Our research activities  are centered around a number of projects, loosely grouped around the themes of Computational Biology, Statistical Data Analysis, Bioinformatics, Sequence Analysis,  and Mathematical Modeling of complex biological phenomena.

Systems Computational Biology and Data Analysis

Cancer Research

One of the most interesting problems in Cancer Research concerns the evolution of a tumor from its initial early stages. Issues of heterogeneity and timing all enter the picture and make the reconstruction cancer progression models a complex endeavor that must also take into account the differences between individual tumors and large ensemble data sets. 

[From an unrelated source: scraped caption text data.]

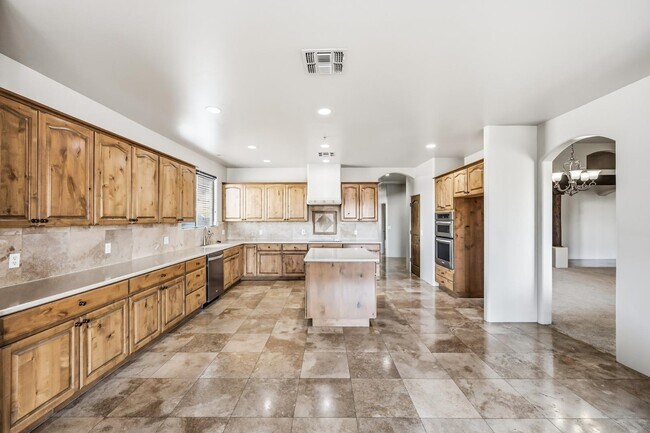 Building Photo - 3510 W Bohl St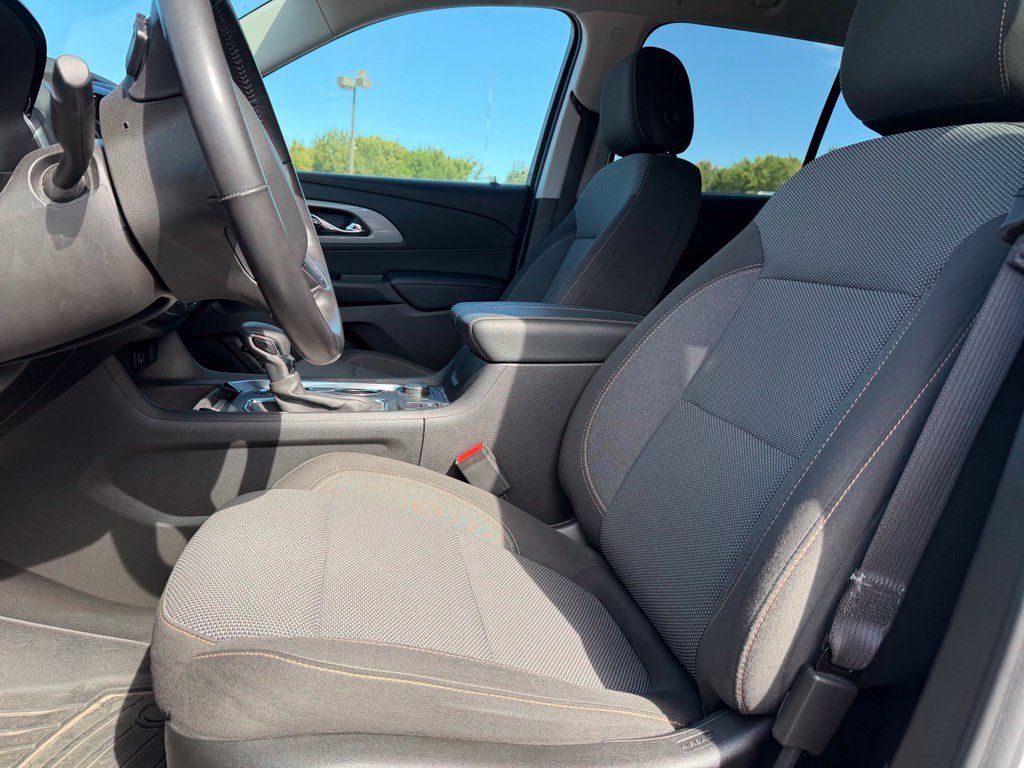 Used 2021 Chevrolet Traverse LT FWD image 9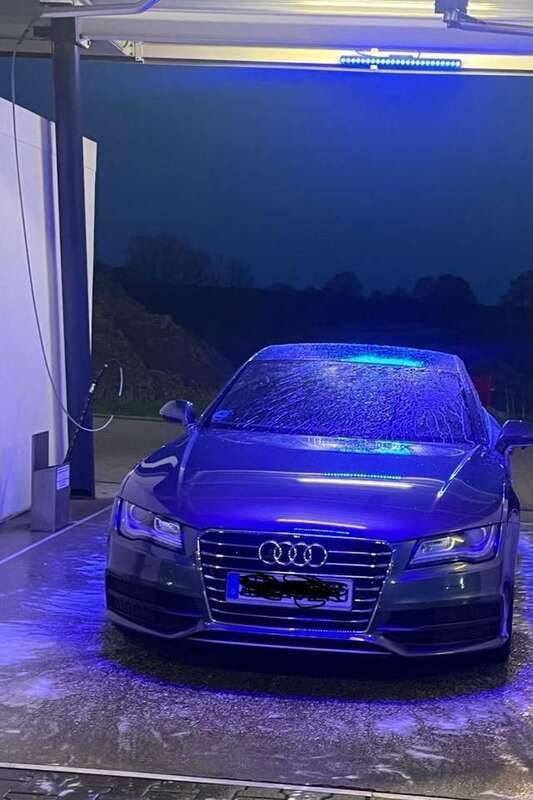 Grau Gebraucht 2012 Audi A7 Comfort Kleinwagen | 13.700 € (Fairer Preis) - Bild 1/4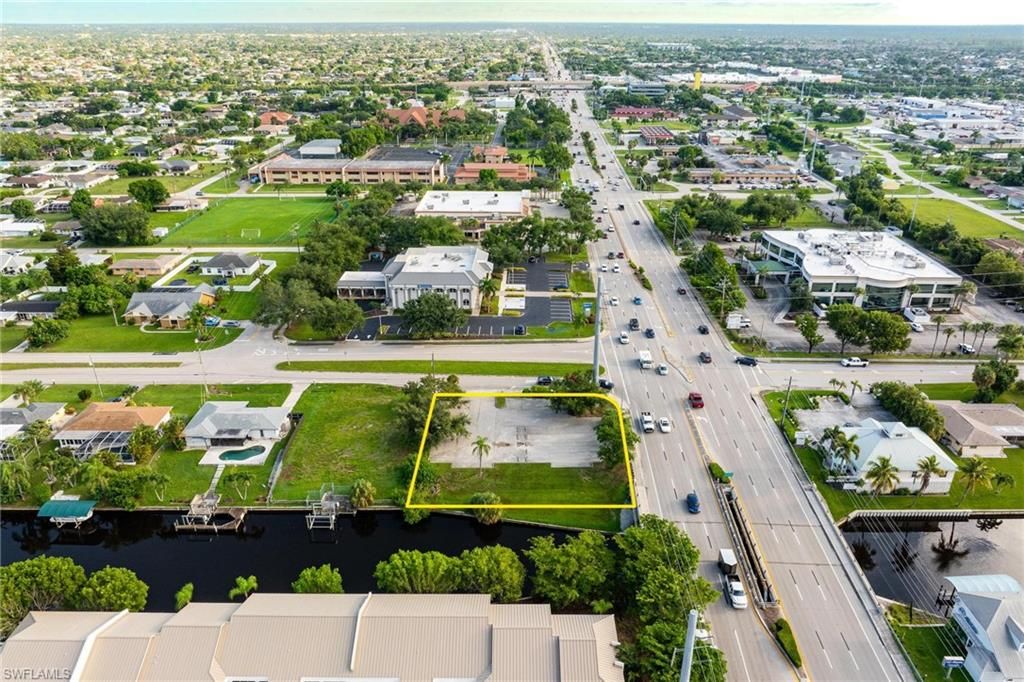 Image 13 of property listing at 1532 Shelby PKWY, Cape Coral, FL 33904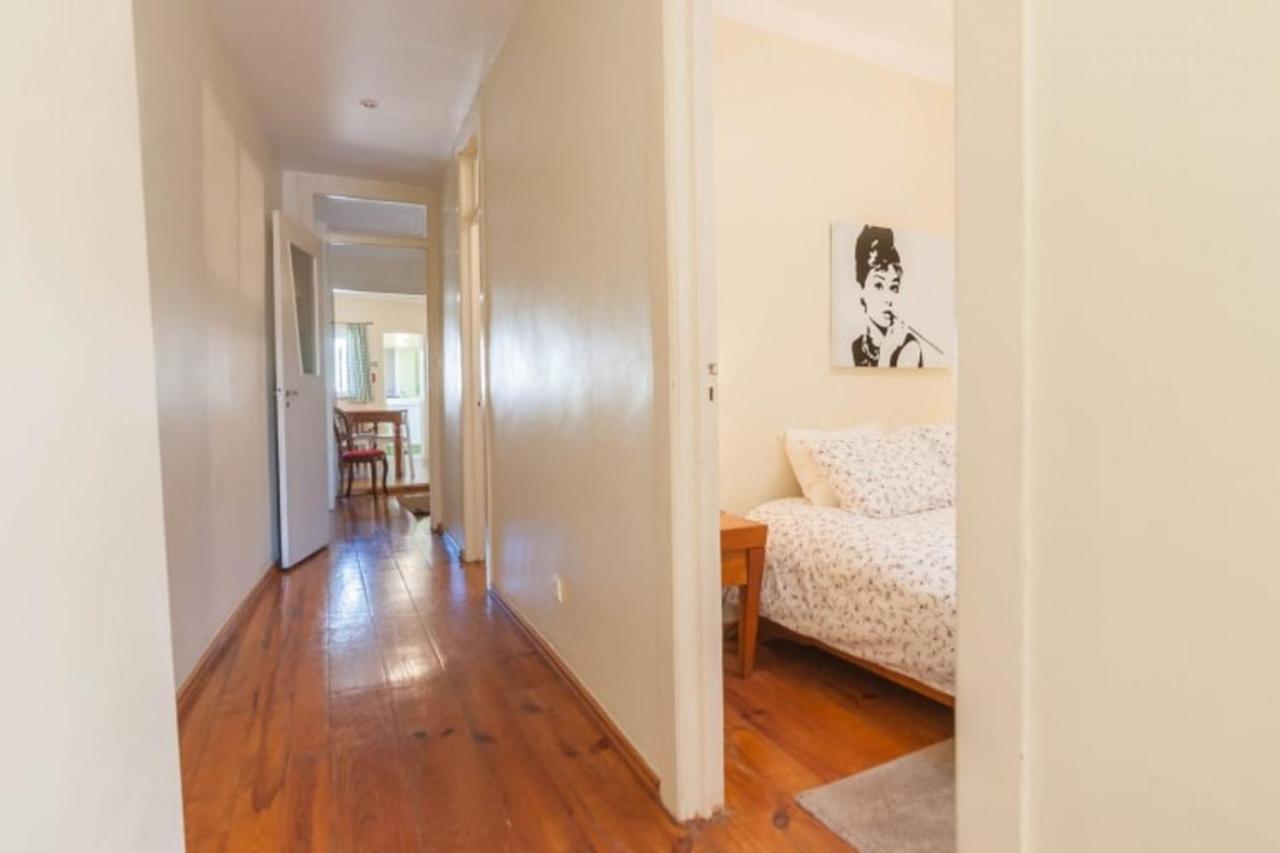 Cozy Two Bedroom In Santa Marinha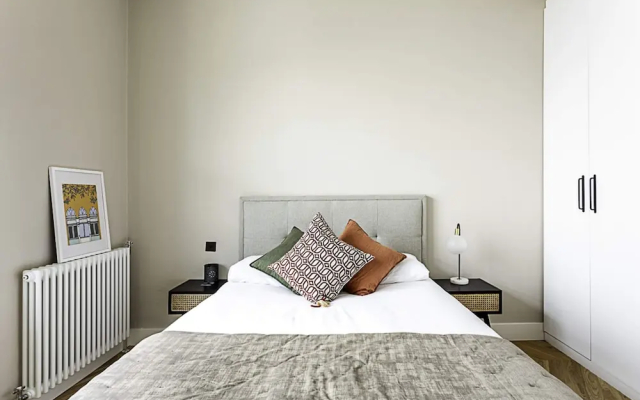 Well-decorated Notting Hill Flat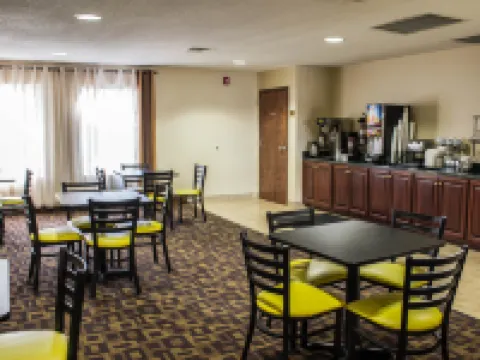Quality Inn High Point - Archdale Hotels in Archdale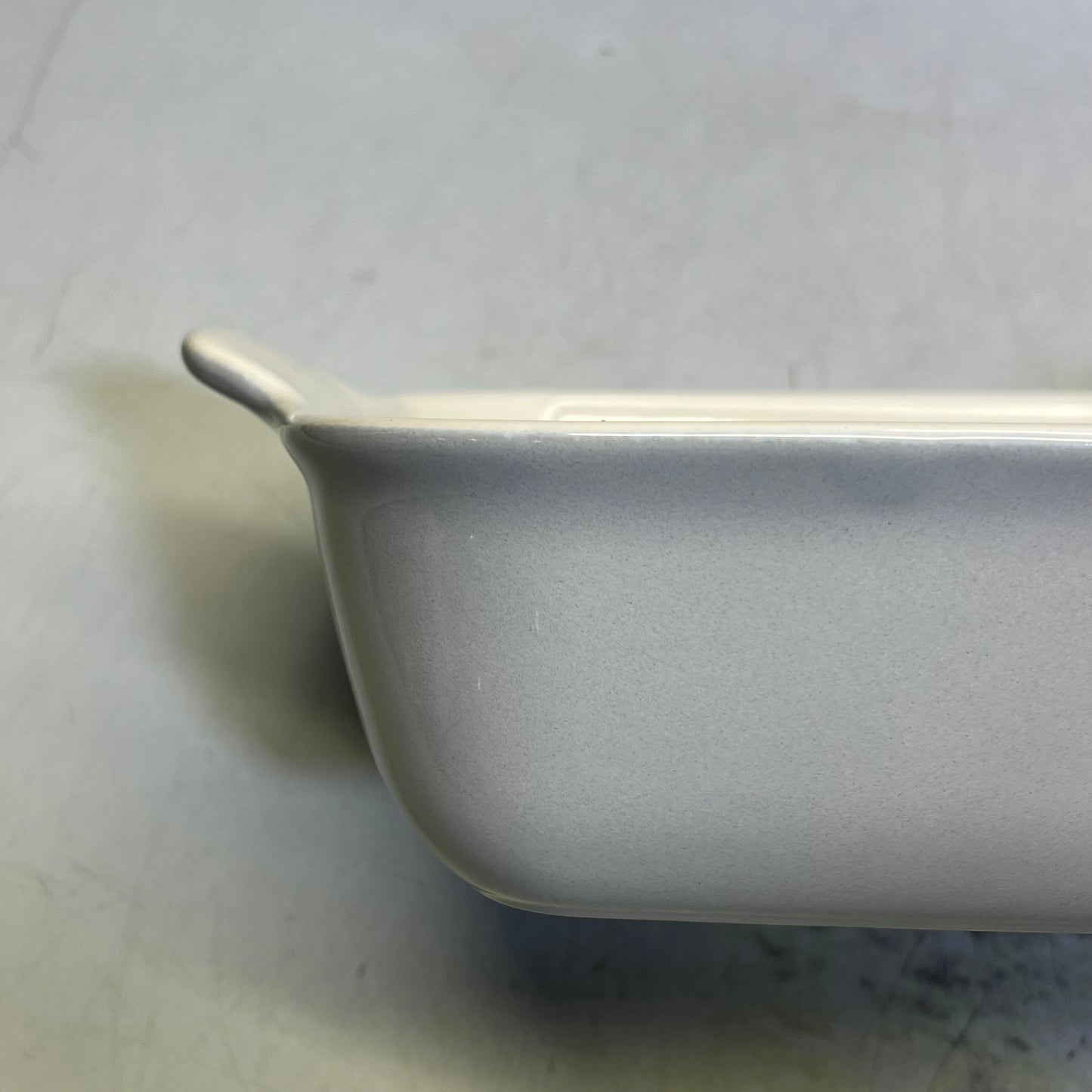 EMILIE HENRY Modern Rectangular Baker 17.75" x 11" x 3" Pearl Grey EH819627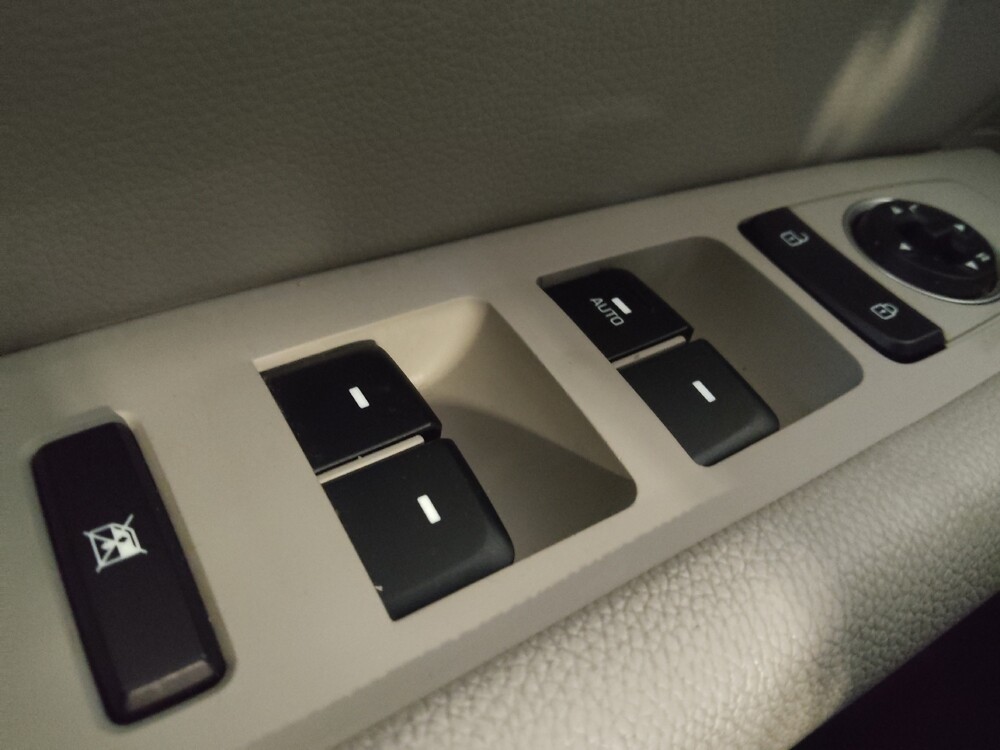 2018 Hyundai Sonata in Raleigh, NC 27604 - 18135742 27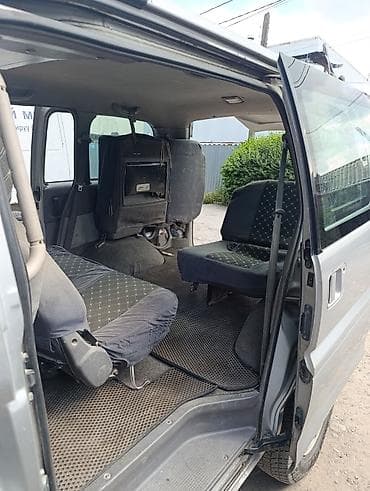митсубици делика: Mitsubishi Space Gear: 2000 г., 3 л, Автомат, Газ, Минивэн — 3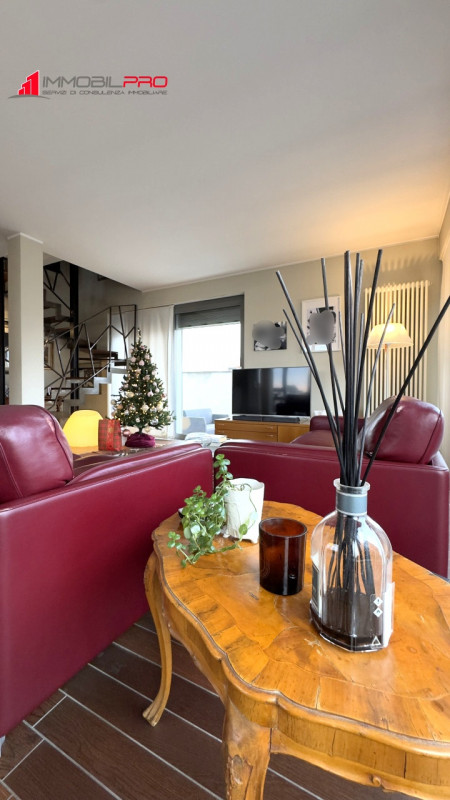 Nel cuore di Zanè (VI) proponiamo una soluzione residenziale introvabile: un appartamento duplex ...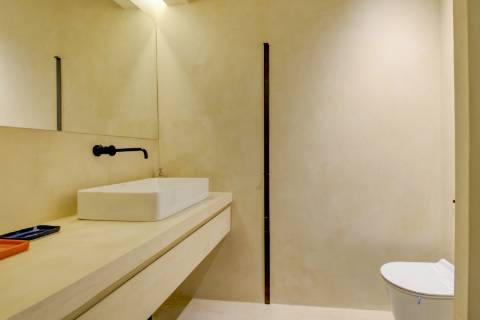 Apartamento T2 na Avenida da Boavista virado a poente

We have developed a number of tools and algorithms in the past years that address these issues. First there are tools and algorithms that use Suppes’ Probabilistic Causality Networks to infer a cancer progression model; these algorithms are collected in the TRONCO library. Second there are studies on simulation of cancer evolution in relation to its clonal makeup; the CABERNET tool being the latest tool being published.


The analysis of biological systems relies more and more on computational and mathematical methods. The goals of such analysis are multifarious; among the most important ones is the discovery of the biochemical and genetic machinery responsible for pathology development, its control and, possibly, elimination. Such discoveries also rely on an understanding of the spatio-temporal development of biological phenomena, their cause (often “mutations”) and their effects on different scales.

The RetroNet project intends to address this problem and others by:

  • Sharing data and knowledge needed for a new integrative research approach in medicine,
  • Sharing or jointly develop multiscale models, simulators and analysis tools, with particular attention to the development of Colon Rectal Cancer (CRC) and some of its metastatic effects
  • Creating the prototype of a collaborative environment supporting research in this highly interdisciplinary field, by leveraging the experience matured from of previous FP6 experiences .

The RetroNet project concentrates on the development and tuning of algorithms for detecting of emerging behavior from cells ensembles, by searching, analysing and formulating hypotheses of various feedback cycles in biological systems.

The approach will leverage several Control-Theoretic concepts, especially the notions of state-estimation and control-policy learning as implicit drivers of biological behavior selection. The emerging-behavior detection algorithms will consider the content of Pathway and Models Databases and knowledge directly gained from clinicians and biologists running bio-banks or wet-laboratory focussed research.